Material for this exercise:
____________________

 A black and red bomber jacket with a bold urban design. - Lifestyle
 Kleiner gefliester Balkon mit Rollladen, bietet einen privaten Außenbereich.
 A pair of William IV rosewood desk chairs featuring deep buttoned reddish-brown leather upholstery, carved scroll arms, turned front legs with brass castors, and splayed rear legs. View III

____________________

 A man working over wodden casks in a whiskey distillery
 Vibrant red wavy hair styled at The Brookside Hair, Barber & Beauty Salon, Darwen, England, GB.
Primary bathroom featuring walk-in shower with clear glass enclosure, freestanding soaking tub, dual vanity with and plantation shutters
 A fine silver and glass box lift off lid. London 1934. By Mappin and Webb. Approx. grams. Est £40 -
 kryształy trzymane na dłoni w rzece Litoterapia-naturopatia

____________________

Beginning at the line above that contains "A fine silver", return each line exactly through the line that contains "kryształy trzymane na", and no others.

 A fine silver and glass box lift off lid. London 1934. By Mappin and Webb. Approx. grams. Est £40 -
 kryształy trzymane na dłoni w rzece Litoterapia-naturopatia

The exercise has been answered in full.